#### Data segment

◆ ◆ ◆ ◆ ◆ ◆ ◆

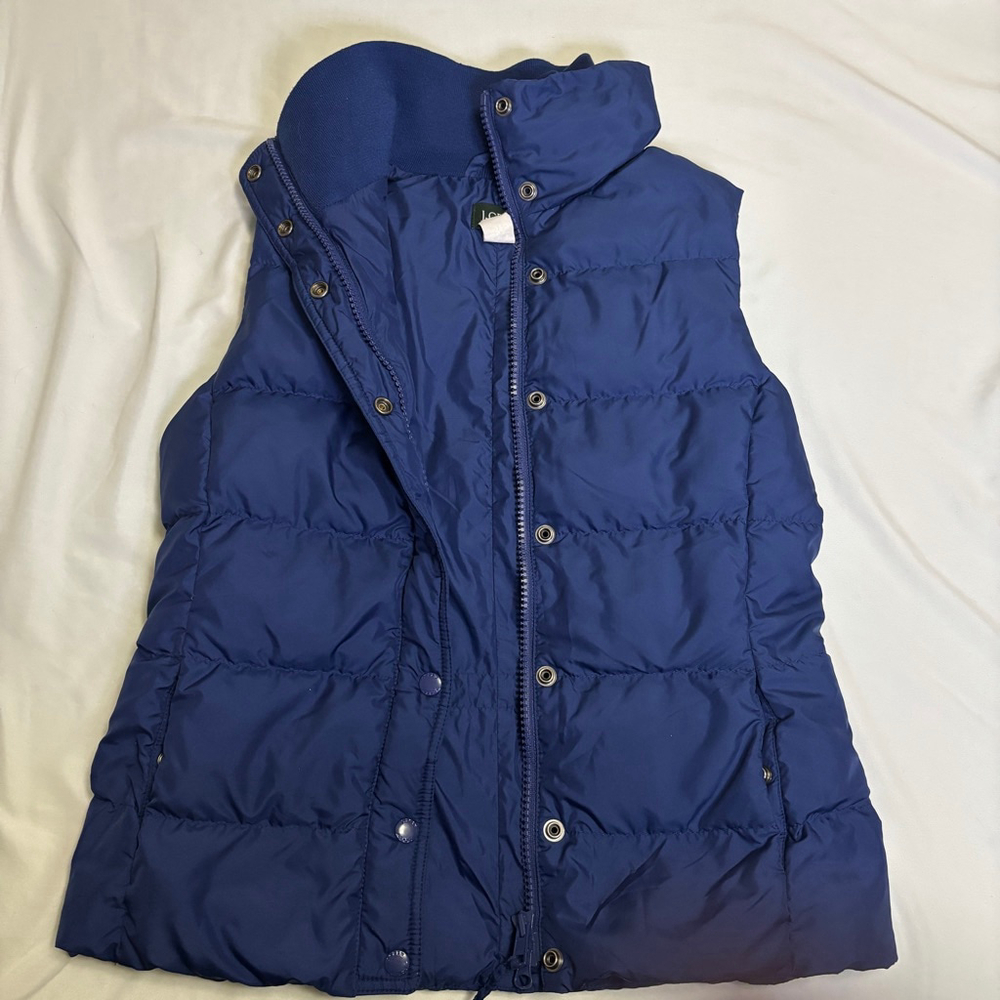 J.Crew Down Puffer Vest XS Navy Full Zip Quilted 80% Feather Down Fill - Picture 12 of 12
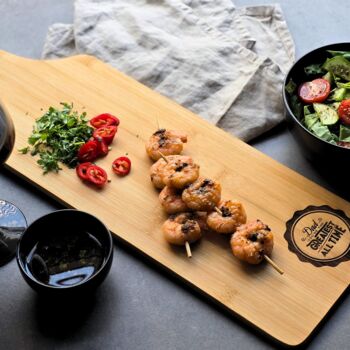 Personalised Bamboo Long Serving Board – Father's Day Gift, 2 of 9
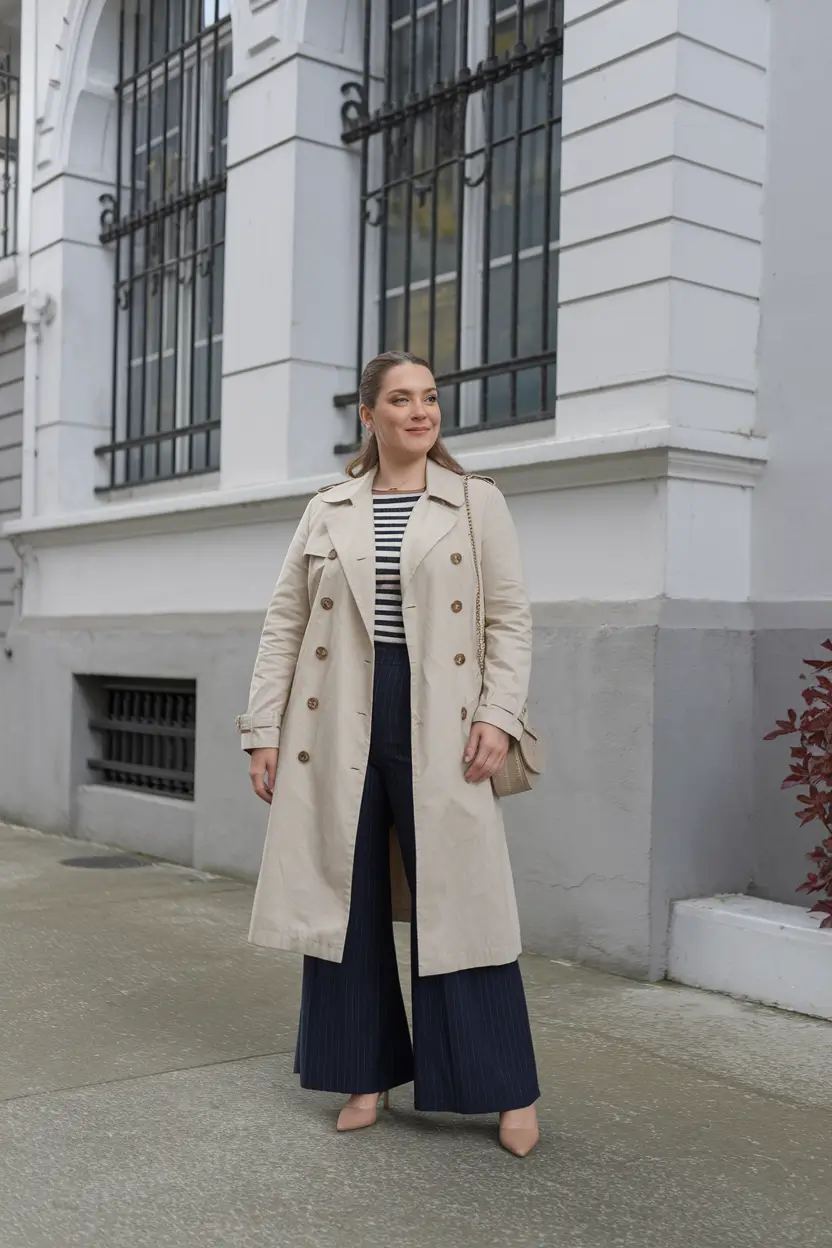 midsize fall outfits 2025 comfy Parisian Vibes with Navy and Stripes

◆ ◆ ◆ ◆ ◆ ◆ ◆

#### Work to complete
Every line above should be output exactly, except for the pictures.

#### Exercise response
 J.Crew Down Puffer Vest XS Navy Full Zip Quilted 80% Feather Down Fill - Picture 12 of 12
 Personalised Bamboo Long Serving Board – Father's Day Gift, 2 of 9
 midsize fall outfits 2025 comfy Parisian Vibes with Navy and Stripes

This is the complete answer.